The main industry now, other than tourism, seems to be art and antique galleries and shops of which there are over 300 in the town! We have thoroughly enjoyed seeing what people have produced with such innovative ideas. 
Avignon



L'Isle-sur-la-Sorgue




We were taken with 'wellie dogs'!


Wednesday 26 April 2017

One of These Days....

One of these days we will stop more than one night in the same place, not even the beautiful town of Uzès and the fact that the free aire was at a vineyard could keep us there. What a transformation from our time in Andalucía, where we spent several days in several places.

We knew this part of the trip would be different and at some point we will slow down, but at least we are doing sensible mileages now, only 12 today south to Remoulins on the Gardon river. The reason for coming here was to visit Pont du Gard, a Roman aqueduct built about 2,000 years ago and still remarkably well preserved, much like us really. Apparently it is the most visited historical monument in France.


Rachel and I aren’t big into museums and the like, but we do enjoy scenery and impressive structures such as this. The lady, for want of a better expression, in the tourist info centre in Uzès, said that there was no way of seeing the aqueduct without paying 8.50€ per person even if we biked or walked there. We thought this was odd, so after an early lunch at the aire in Remoulins we took the (not so) scenic walk route to the aqueduct which was 3½ miles. Saw the aqueduct and walked across it completely free of charge and took the more pleasant and shorter 2 mile walk back. And no, we hadn't jumped the turnstiles! A GR & PR route crosses the lower bridge therefore it has to be free to all cyclists & walkers. All in all a very good, if tiring, day.
Our aire at the vineyard




On the walk back to Remoulins


Tuesday 25 April 2017

Sommières & Uzès


We may not have hit Provence just yet but we are definitely in a lovely part of France! After the disaster of Balaruc-les-Bains we have had 2 great towns, and not just because the aires there were free!

This aire is a France Passion one, businesses who allow vans to park on their land for free on the hope (presumably) that visitors might buy their produce. Well this is a vineyard so I don’t think they need to worry on that score with these particular guests!

Although the weather isn’t the wall to wall sunshine we had in Spain it has been reasonable until this evening, we are in for a night of heavy rain I think, but it’s due to pick up after that.
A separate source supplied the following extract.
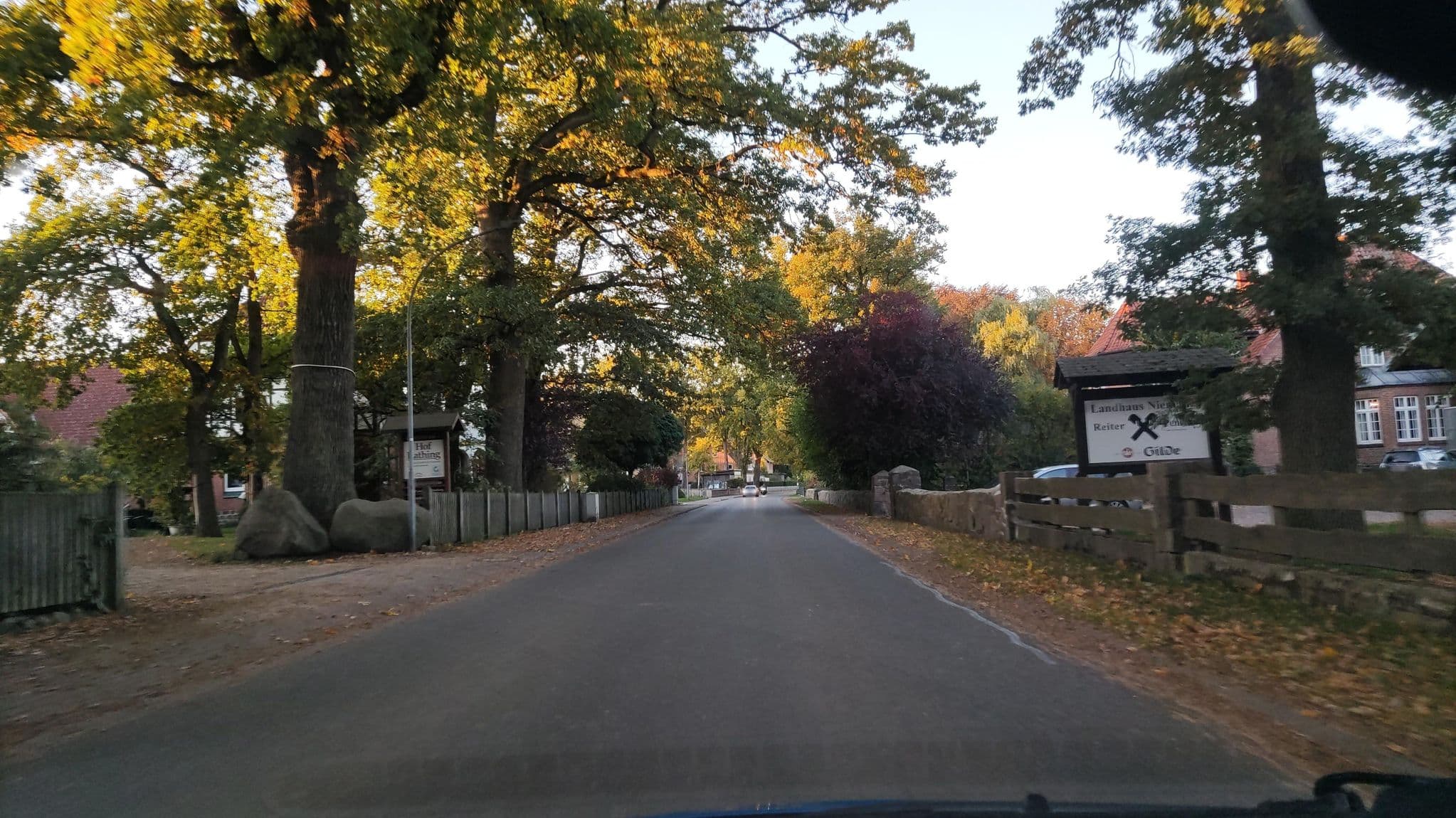 Street view near Landhaus Niemann - Reitveranstaltungen und Pension/Hotel, Wriedel — © hotteliene (CC BY-SA · Mapillary)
Here are some photos to give you a taste of what we’re experiencing, other than the wine.
Sommières




A van selfie en route to Uzès
Uzès






Monday 24 April 2017

Adiós España

We said goodbye to Spain this morning after having 75 days here, but not before we visited (the closed) Dali museum. There was some seriously freaky stuff on the outside so goodness knows what was on the inside!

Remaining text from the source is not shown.